Recent research methods indicate the presence or absence of the leaf-eating insects (Heliothrips haemorrhoidalis) varied with the levels of nitrogen and exchangeable calcium. When the soil supplied ten milligrams equivalent, or less of nitrogen per plant, the thrips made their attack. When the soil offered twenty there were no thrips. When the nitrogen supplies were low but calcium was plentiful there were less thrips injury as more calcium was available in the soil for plant nutrition. There is a forceful suggestion that not one element of fertility, but all of them in balance and integration of their separate functions are required to grow plants healthy enough to ward off these diseases and pests. Less plant diseases and pests resulted from balanced fertility in these observations.
A plant growing its own protection, according to observations, cited first the calcium then nitrogen, then phosphorus in a readily anticipated order when we grant that calcium is the major nutrient in the soil. Potassium is next in order of use. The others fall in line, based on the way they become limiting elements in the plant’s processes of growing whatever organic compounds through which it protects itself.
We have much to learn about soil management to nourish plants well enough for them to protect themselves from diseases and pests without our poisons and medications. It also raises the question of whether crops too deficient in their nutrition to grow their own antibiotics for self-defense would contain enough nutrients to produce healthy livestock. Also what about the use of these deficient plants in human nutrition?
Expensive animal injury from deficient soil.
Soil research faces a challenge to formulate a balanced fertility as a guarantee of less plant disease and fewer crop pests, as well as a means of producing more vegetative bulk per acre.
In the case of garden vegetables, which includes many different families of plants, the degree of the acidity of the soil has an important effect on the yield of each variety, the health of each crop, and the uniformity of maturity at harvesting time.
Nutrient Value of Crops
About 100 pure bred samples of nine varieties of pulses raised in different state agricultural farms in India in 1957 when analyzed indicated a variation of the protein content of 60% in a single variety, in some cases depending upon the strain and the locality where grown. The data is too limited to conclude whether any relationship exists between the yield and the protein content.
There is experimental evidence in the literature that the strain and the nature and the degree of fertilization greatly influences the yield of a particular crop, but also the nutrient content of a specific harvest crop. That wheat can vary in its protein content up to 20% according to the locality in which it is grown. This has been shown by L. J. Maynard, et al.

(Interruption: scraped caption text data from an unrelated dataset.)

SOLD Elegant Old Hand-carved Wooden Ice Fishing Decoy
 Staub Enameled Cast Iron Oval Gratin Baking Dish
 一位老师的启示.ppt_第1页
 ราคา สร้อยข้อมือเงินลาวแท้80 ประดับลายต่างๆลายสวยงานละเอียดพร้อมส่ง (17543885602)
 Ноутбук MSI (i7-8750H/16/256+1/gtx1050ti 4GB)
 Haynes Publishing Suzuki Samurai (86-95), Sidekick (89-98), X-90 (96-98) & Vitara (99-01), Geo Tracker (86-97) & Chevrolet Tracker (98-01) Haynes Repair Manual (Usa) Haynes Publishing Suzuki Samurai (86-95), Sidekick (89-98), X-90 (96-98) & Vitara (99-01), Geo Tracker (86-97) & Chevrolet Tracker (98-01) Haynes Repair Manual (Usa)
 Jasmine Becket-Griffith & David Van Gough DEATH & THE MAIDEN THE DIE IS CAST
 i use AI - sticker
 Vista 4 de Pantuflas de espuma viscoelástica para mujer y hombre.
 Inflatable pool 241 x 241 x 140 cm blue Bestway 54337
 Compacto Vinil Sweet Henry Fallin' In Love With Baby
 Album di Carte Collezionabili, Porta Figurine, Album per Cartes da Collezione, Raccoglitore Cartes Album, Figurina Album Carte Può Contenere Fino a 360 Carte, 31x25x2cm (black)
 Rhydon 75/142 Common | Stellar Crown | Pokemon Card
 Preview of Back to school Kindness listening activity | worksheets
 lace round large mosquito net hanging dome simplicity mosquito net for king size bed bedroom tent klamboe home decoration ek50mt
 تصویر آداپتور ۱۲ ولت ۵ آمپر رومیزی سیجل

These workers have also shown that the plant variety and the amount of fertilization influences the amount of protein and the amino-acid distribution in corn.
Heavy Application of One Element May Cause a Deficiency in Another
That the micro-nutrient nutrition of citrus trees may be changed by continual heavy applications of commercial fertilizers, has been indicated by reports. Recent work in California suggests that trees in heavily fertilized Valencia orange orchards–particularly when chemical phosphorus or organic fertilizers containing a large amount of phosphorus are used over a period of years–should be carefully examined for copper deficiency. Many workers in the field have found that heavy applications of phosphate fertilizers to citrus trees, over a period of years, induce zinc deficiency pattern in citrus leaves. This can be prevented by zinc sprays.
Reference:
E.S.H., G.C., D.E., T.S., Basu., V.P.: “Influence of the Genetic Strain and Environment on Protein Content of Pulses.” Science, 1959, p. 148.